A
esto se dedica la policía nacional una tarde de diario a las siete menos
veinte: un coche patrulla escoltado por un agente se dedica a barrer las
zonas del parque que estaban abiertas hasta hace cuatro días. El coche avanza
dando luces detrás de una madre con tres niños pequeños, que es todo el gentío
que ha encontrado a su paso. A los paseadores de perros, que vemos la escena
desde la banda, como quien dice, nos regalan también una bonita sesión de
megafonía.
Algo
bueno tenía que traer el calor. Ayer descubrí que este verano podremos llevar
mascarilla sin que las gafas se empañen.
Para
los que nunca hemos estado cerca del mundo, estas siete semanas de encierro no
han sido tan difíciles. Salvando la conciencia del dolor ambiente y el miedo por
el futuro –que es mucho salvar–, estas semanas de alejamiento y reclusión han
sido también una forma de tomar aliento y quitarse agobios. También de hacer
inventario. Me gusta el neologismo de mi amigo José María Castrillón: cuarentesma.
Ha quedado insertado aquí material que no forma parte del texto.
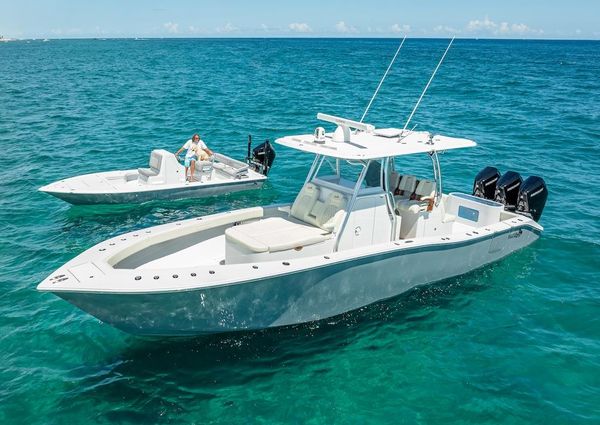 Billfish 39-CENTER-CONSOLE-W-TOWER image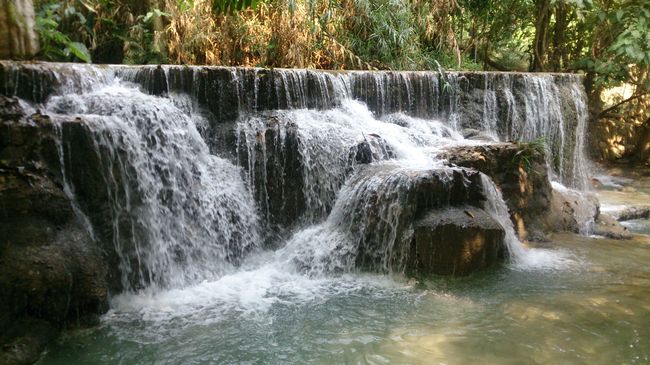 Tad Kuang Si: a slightly smaller waterfall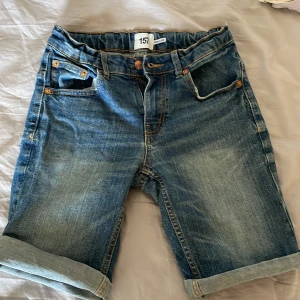 Jeansshorts blå storlek 150 - Jeansshorts i bra skick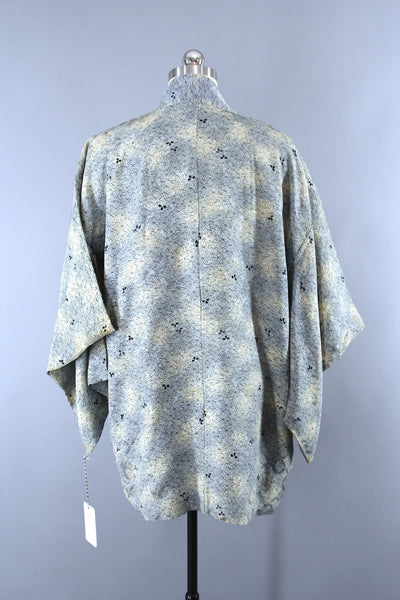 1950s Vintage Silk Haori Kimono Jacket Cardigan / Pale Blue Leaves Print - ThisBlueBird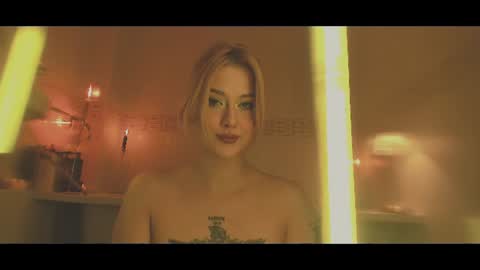 your dear Lilith Chapman online show from 20, 6, 2026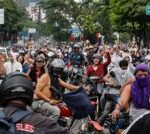 Protesters clash with police in Caracas after election result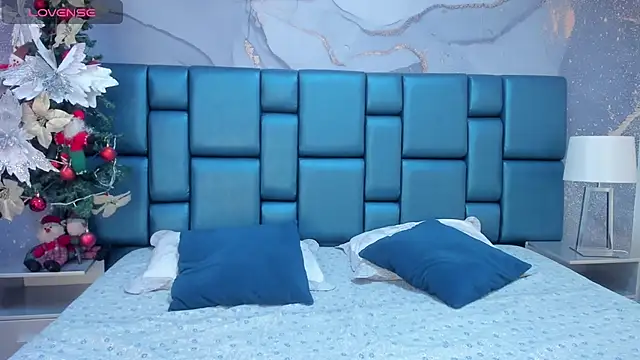 ELIZABETT  online show from December 12, 2024, 8:32 pm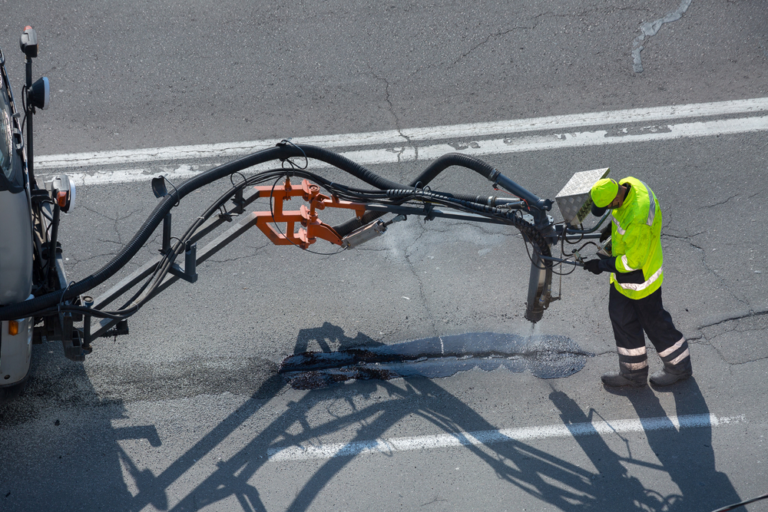 Urban road maintenance supported by sustainable asphalt recycling solutions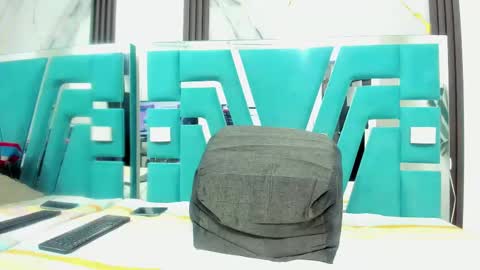 Sharon online show from September 19, 2025, 1:51 am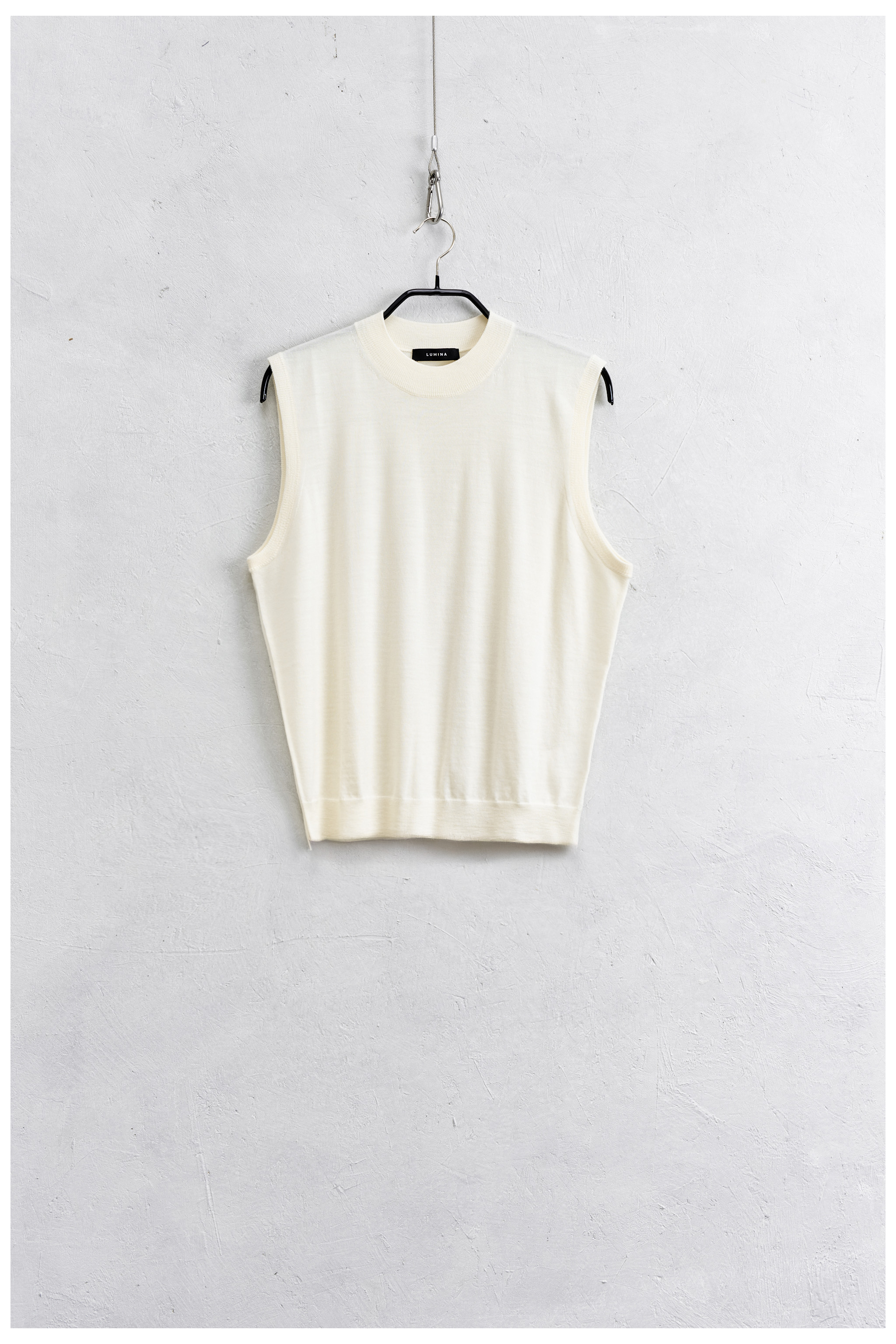 KNITTED VEST ART. 24301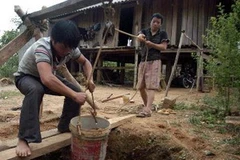 Bản tái định cư Tân Dương, xã Trung Đồng, huyện Tân Uyên, Lai Châu, phải sống trong cảnh thiếu nước sinh hoạt trầm trọng. (Ảnh: TTXVN)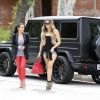 Kim et Khloe Kardashian se rendent au restaurant The Villa. Woodland Hills, le 25 avril 2014.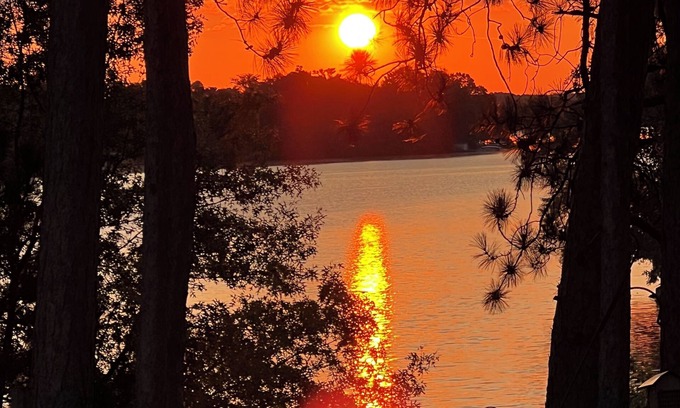 Lake Wissota Apartment | 🔥 Lake Wissota Lakefront · Families & Crews · Lg yard · Fire Pit · 1200 sq ft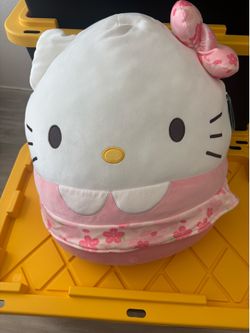 Hello Kitty Squishmallow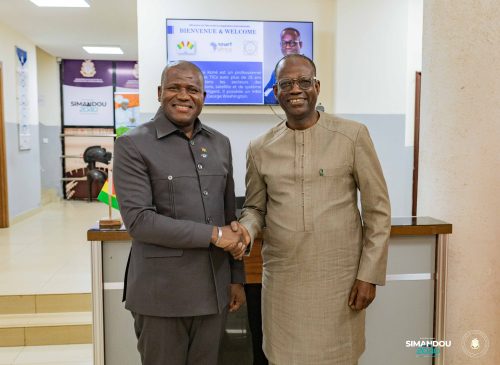 Audience : Le Ministre Ismaël Nabé reçoit le Directeur Général de Smart Africa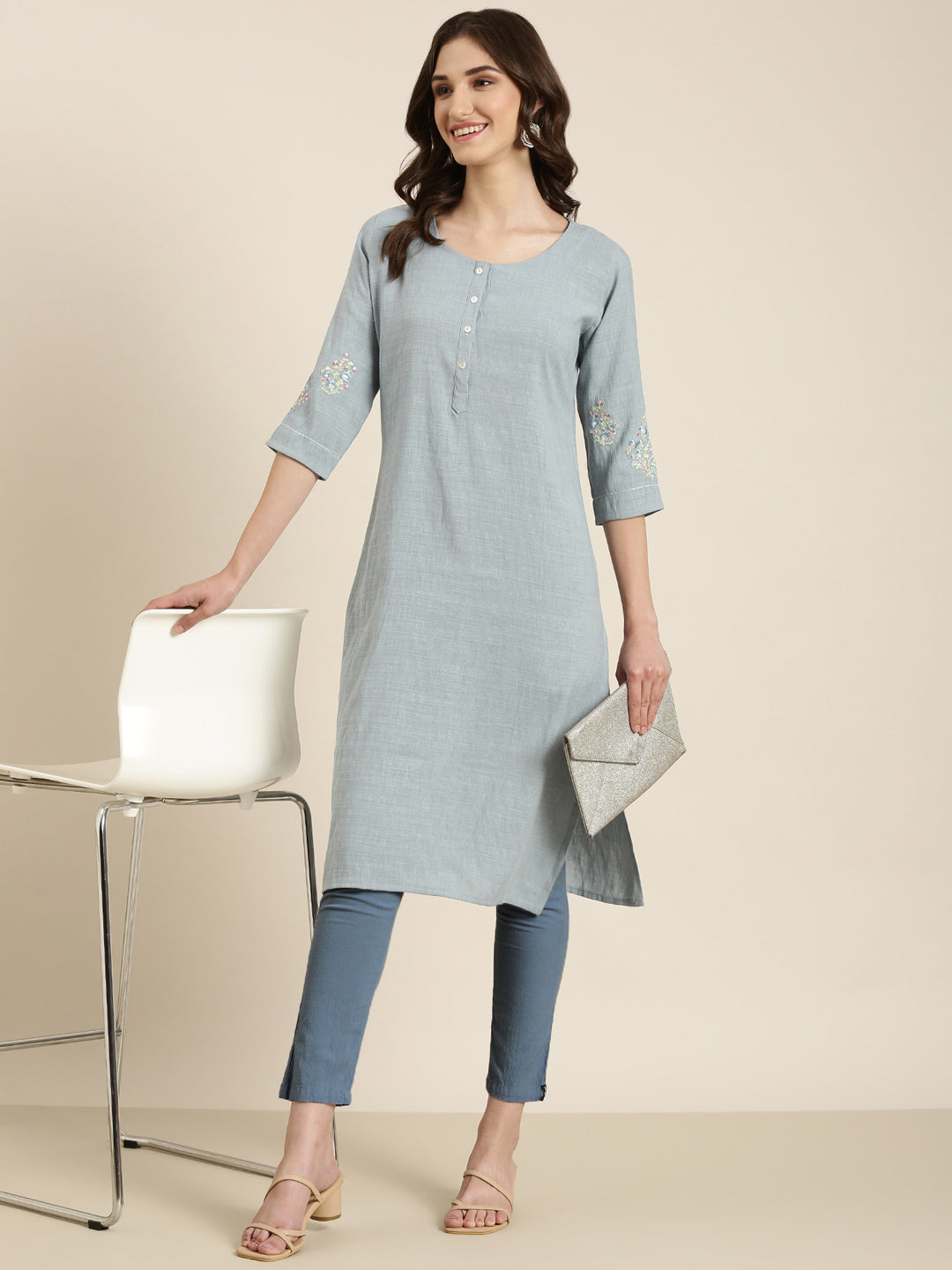 Women's Blue Round Neck Cotton Straight Kurta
Algo de eso ha habido (mientras se asuma, claro, que todo lo debemos al
esfuerzo de trabajadores que han tirado del carro en condiciones adversas y
hasta dañinas para ellos, y ahí siguen). El mundo estaba lejos, retirado, o lo
bastante al menos para no ahogarse, y en el espacio abierto por esa retracción
se ha colado otra imagen posible de nuestra vida. Esa lejanía es lo que muchos
de nosotros solíamos entender por «distancia social», pero la diferencia es que
esta vez se ha dado a la fuerza, por imperativo legal. Reconozco mi buena
suerte: el encierro me ha sorprendido con una hija mayor de edad y en una casa
espaciosa, que nos permite cuidar la intimidad de cada cual (más de una vez he
pensado con alarma qué habría sido de mí en aquel pisito de 35 metros cuadrados
en el que vivía cuando Paula tenía diez años). Pero no voy a negar que hay
aspectos de esta cuarentena que me han atraído. No puedo ser el único para
quien el mundo de ahí fuera, y más en nuestro país, siempre tan ruidoso y enfático,
puede ser una presencia cargante; abrumadora, incluso. Leo ahora que muchos
escritores se han visto incapaces de concentrarse y seguir adelante con sus
trabajos. Yo, en cambio, que nunca he tenido facilidad y soy todo menos
prolífico, sentí desde un inicio que las palabras venían sin trabas, que me
ayudaban. El parón ha hecho que las aguas del mundo se retiren y pueda escribir
en la arena mojada. Veremos, eso sí, cuando suba la marea.
En
punto a mascarillas, como diría Gil de Biedma, la cosa no está clara (al menos
en mi barrio): sesentones empoderados y de buen tono que deben de sentirse
inmunes y van casi a cuerpo gentil; ancianas enjutas que tampoco llevan
mascarilla, quiero pensar que por un prurito libertario; corredores que agitan
la cabeza sin complejos, a gusto con sus feromonas; padres despreocupados y jóvenes
de barba poblada que no ven oportuno cubrirse; dos agentes que salen de una panadería
con su mejor sonrisa. También se da alguna paradoja, como la de ese transportista robusto, él sí bien embozado, que iba enseñando el culo cada vez que se
agachaba. Una cosa por otra, supongo. E la nave va. O, como dice el clásico,
«la vida sigue igual».
1 comentario:
No he dejado de leerte pero no he podido comentar. Ayer te leí de nuevo. Y hoy comento: reí, reí mucho ayer después de leerte. Y dejé que la risa me lavara. Fue terapéutico.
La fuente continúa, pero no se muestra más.